[Dataset excerpt]
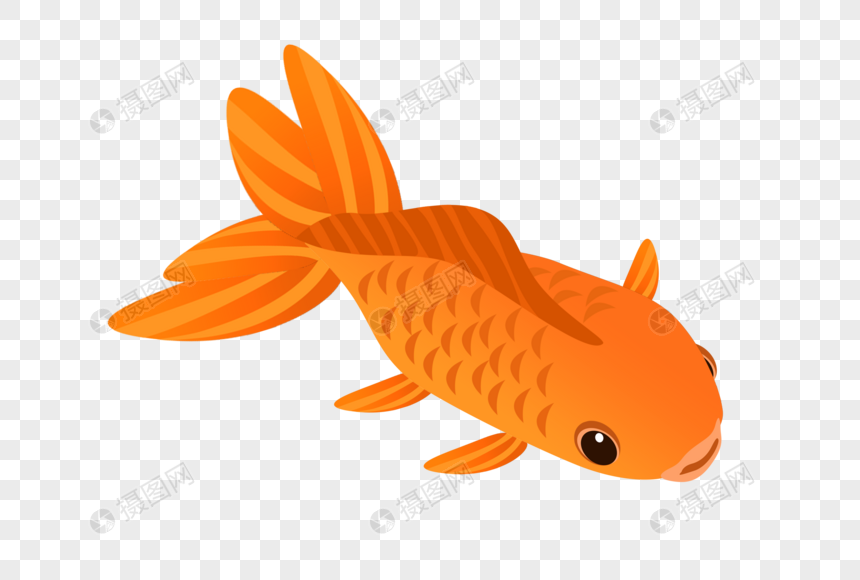 一条橙色鱼图片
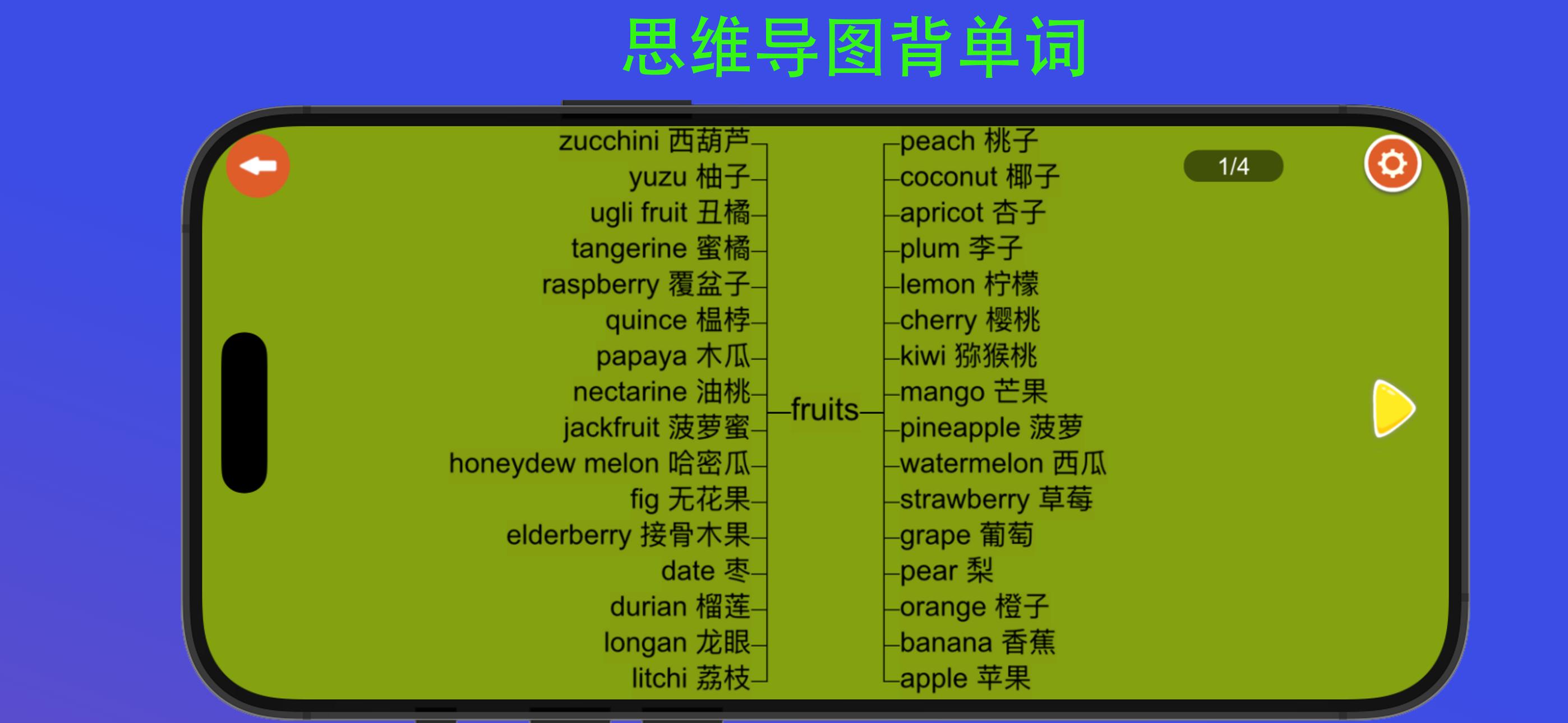 河马背单词 截图 2
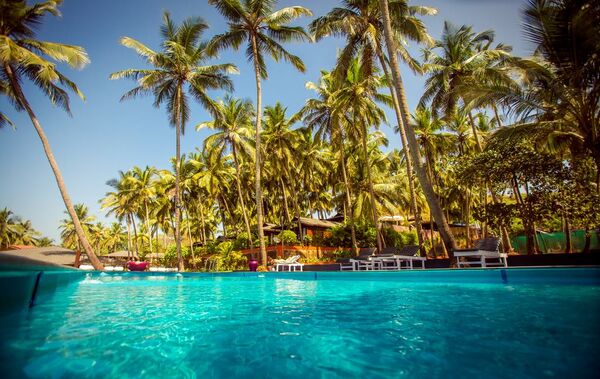 Holidays at Riva Beach Resort in Morjim, Goa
[/Dataset excerpt]
* **Work instructions**
Line for line, retype the material exactly, omitting any pictures.

* **Task response**
 一条橙色鱼图片
 河马背单词 截图 2
 Holidays at Riva Beach Resort in Morjim, Goa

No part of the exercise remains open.